Foi um visivelmente nervoso e comovido Viggo Mortensen que recebeu ontem o Prémio Donostia no Festival de San Sebastian.
O ator e agora realizador, que apresentou no certame “Falling”, agradeceu a distinção, adiantando que quando pensa na “ impressionante lista de artistas que receberam o Prémio Donostia” sente-se um “sortudo por estar incluído nessa tradição“. Mortensen acrescentou ainda que vê a distinção como um impulso para continuar a aprender e a melhorar na profissão.
Foi das mãos do cineasta Agustín Díaz Yanes, que o dirigiu em “Alatriste” (2006), que Mortensen recebeu o prémio, sendo ainda surpreendido em palco pelo jogador de futebol da Real Sociedad, Asier Illaramendi, que presenteou Viggo com duas camisolas: uma da Real Sociedad, o clube da cidade de San Sebastián, e outra do San Lorenzo da Argentina, do qual o ator e realizador é fã. Foi também do mundo do futebol que veio outra das surpresas da noite. Uma mensagem em vídeo do argentino Beto Acosta, ex-jogador do San Lorenzo, que deu os parabéns e prometeu oferecer-lhe uma camisola do clube.

Outra aparição em vídeo foi a de David Cronenberg, que considerou um privilégio trabalhar com Viggo Mortensen em filmes como “History of Violence” (2005), “Eastern Promises” (2007) e “A Dangerous Method” (2011). “Não temos aqui apenas um ator maravilhoso, temos uma equipa de produção inteira: temos um escritor, uma pessoa que adquire adereços, um operador de câmara … Acho que ele também desempenharia algumas funções de grupo se lhe pedíssemos. Ele conhece todos os aspectos do cinema, é tão prestativo e colaborativo, e faz a sua colaboração de uma forma tão doce, gentil e humana que é uma bênção tê-lo num set de filmagens. E esse é um dos motivos porque acho que este prémio é muito apropriado ”, disse o cineasta canadiano, que curiosamente tem um pequeno papel em “Falling”.
Na homenagem, Mortensen terminou com uma “reflexão” sobre a situação dos dias hoje. “De uma forma ou de outra, a Covid-19 lixou-nos a todos e continuará a lixar-nos durante algum tempo, mas este é apenas mais um obstáculo na nossa existência.
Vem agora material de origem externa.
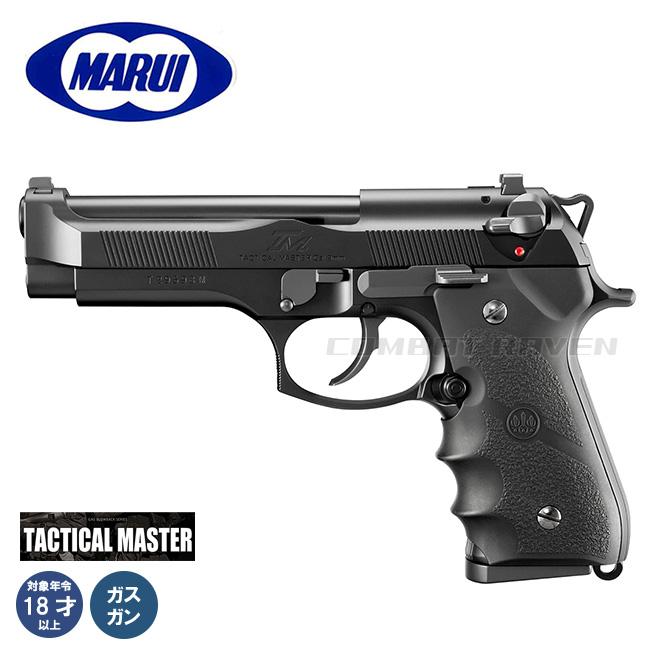 東京マルイ ニューガスブローバック TACTICAL MASTER ジャンク 2026年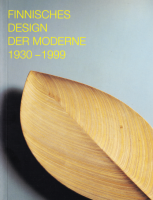 Finnisches Design der Moderne 1930-1999 եɤΥǥ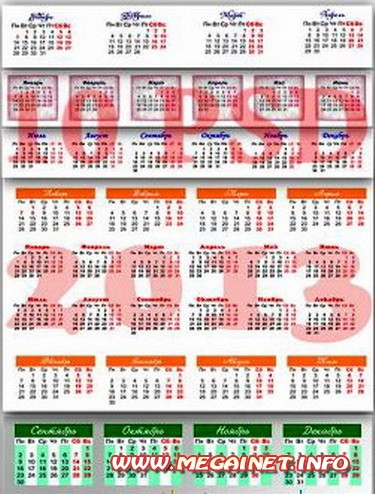 Шаблоны PSD - Календарные сетки 2013 ( 3 ) Шаблоны PSD - Календарные сетки 2013 ( 3 )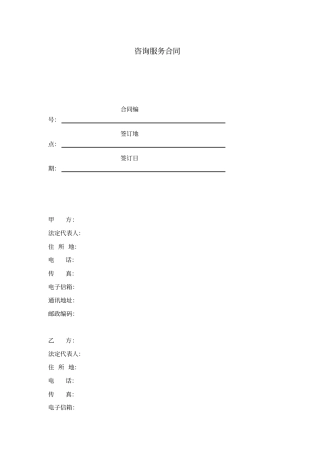 咨询服务合同企业间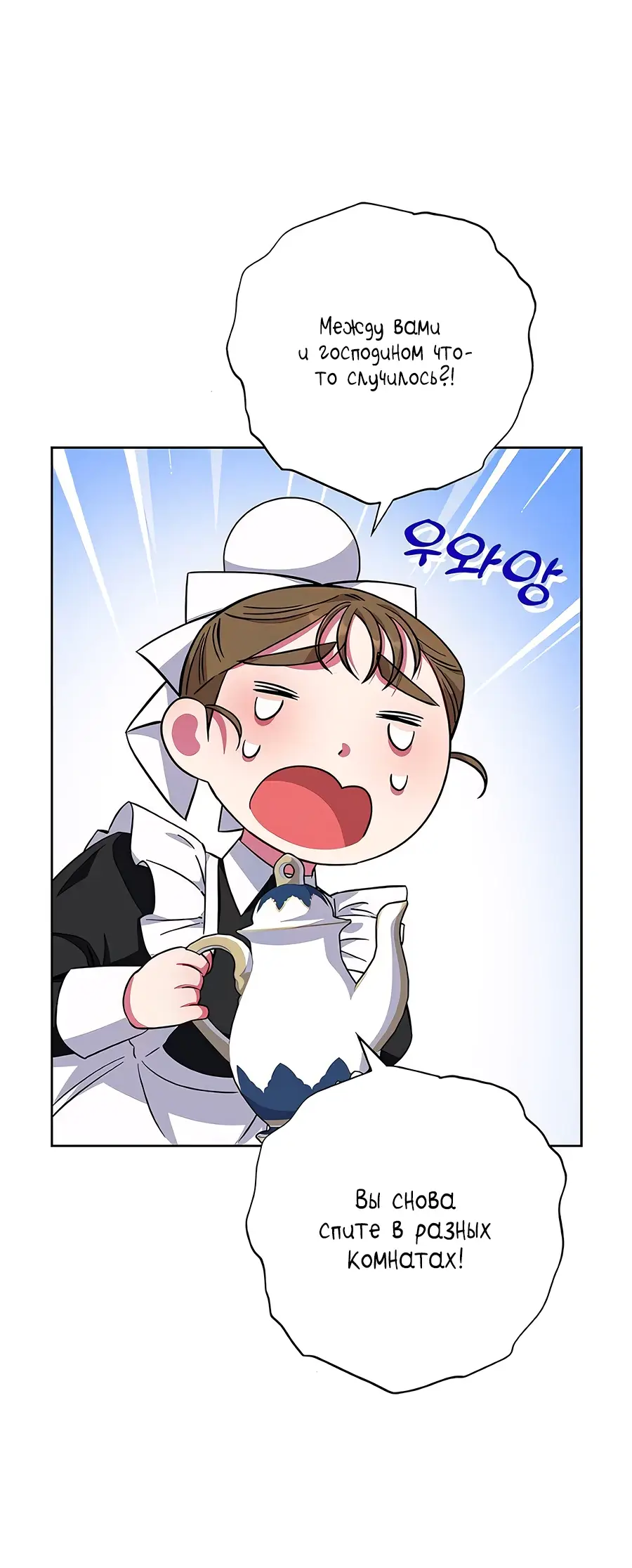 Страница 42 главы 29 манги Я стала матерью героя с трагичным концом / I Became the Mother of the Evil Male Lead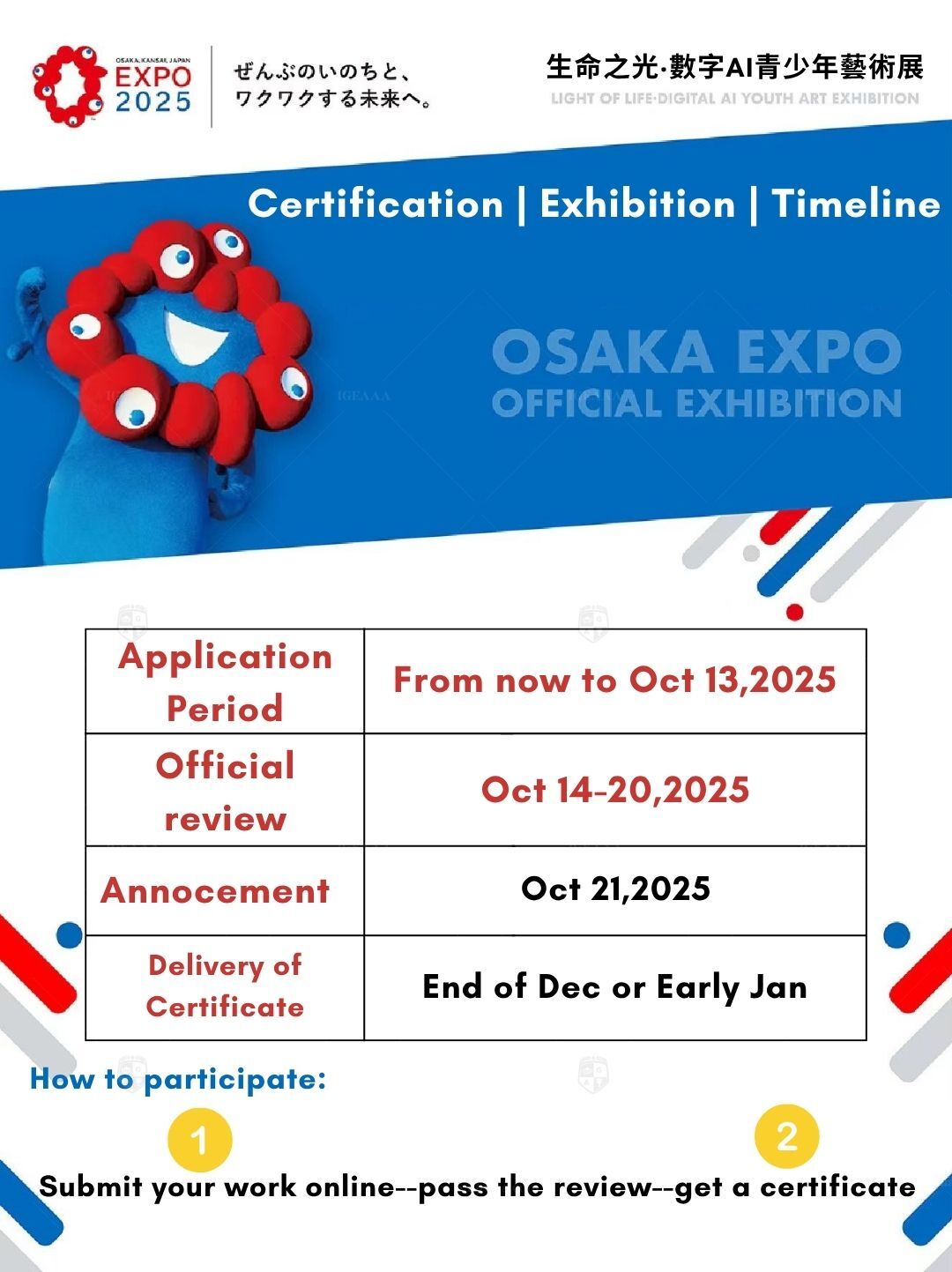 日本大阪世博會(下半年)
Sempre vivemos com a incerteza, embora talvez estejamos mais conscientes disso neste momento. A incerteza é a lei da vida, mas não vamos esquecer que a vida é uma dádiva. Devemos continuar a seguir em frente, acompanhando os que estão sós e homenageando aqueles que já não estão cá, fazendo o melhor que podemos e com o melhor da nossa imaginação (…) Viva o Cinema”.